Nonetheless, SB 731 is too modest. If California is ever going to get really serious about fighting climate change, then we're going to need far more dense urban housing projects along major transit corridors than currently envisioned. And time is of the essence. The San Francisco Chronicle reported earlier this week that carbon-dioxide levels in the atmosphere are continuing to soar as nations around the globe have failed to reduce greenhouse gas emissions. Atmospheric CO2 is now at nearly 400 parts per million, the highest in at least 800,000 years.

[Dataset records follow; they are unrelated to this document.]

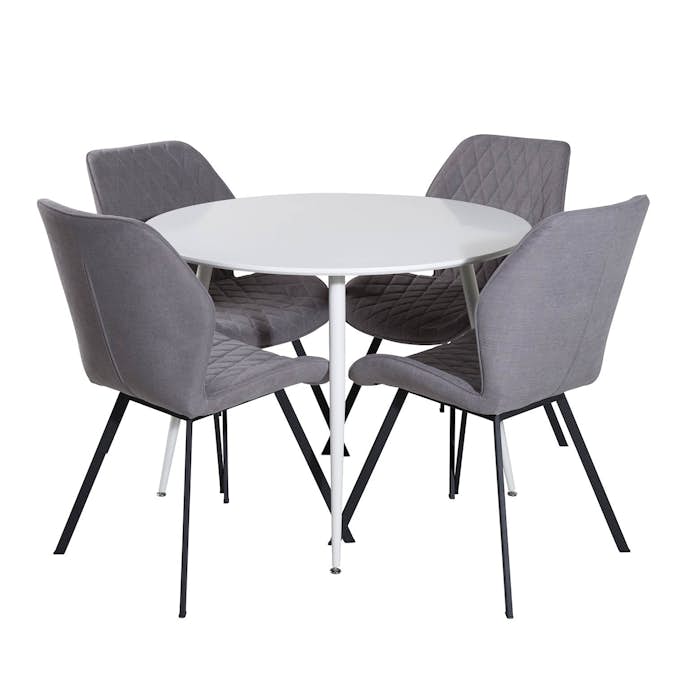 Matgrupp Venture Home Plake med 4 Geneva Stolar Runt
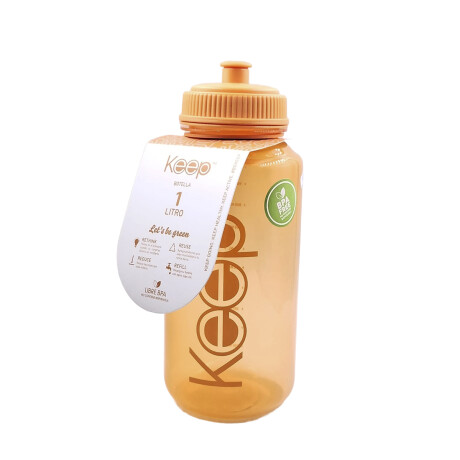 Botella con pico 1L Keep Naranja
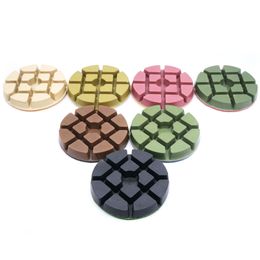 Concrete Polishing Pad Resin Bond 3 Inch Diamond Renovate Grinding Sanding Disc Floor Renew Pad 3pcs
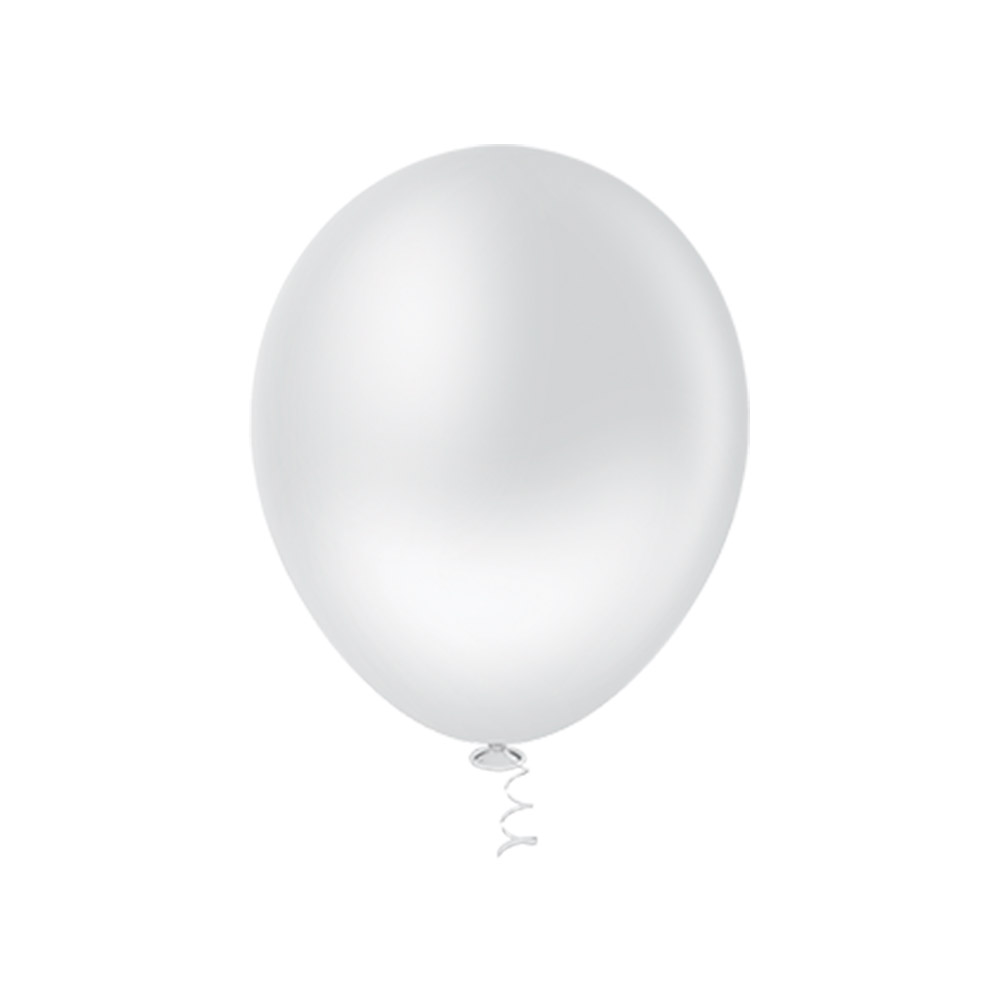 BALÃO N09 LISO BRANCO PACOTE COM 50 - PIC PIC BALÃO N09 LISO BRANCO PACOTE COM 50 - PIC PIC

In other words, we need to quickly encourage the creation of vibrant, bustling cities in which people live in apartments or condos and walk, bike, or take mass transit to work. And to do that, we should exempt smart growth from all CEQA lawsuits.

Three-Dot Roundup

Southern California, along with much of the Southwest, could become much more susceptible to drought because of climate change, according to a new study led by NASA, the Los Angeles Times reported. The study essentially predicted that dry regions will become drier and wet regions will become wetter. Drought conditions also could lead to more catastrophic wildfires in Southern California and an increase demand for water from the Sierra. ... The Sierra snowpack, meanwhile, was at just 17 percent of normal last week, following a record-breaking dry spell in the beginning of 2013, the Associated Press reported. ... A lack of housing in Oakland caused rent prices to skyrocket by 14.8 percent during the first quarter of this year, as the average price of an apartment rental in the city reached $1,947 a month, the Chronicle reported. ... And the number of badly designed bolts installed on the new Bay Bridge now stands at more than 2,300, the Chronicle reported, adding that Caltrans continued to use the overly hard metal fasteners even after the agency had banned them because they can become too brittle when exposed to the environment.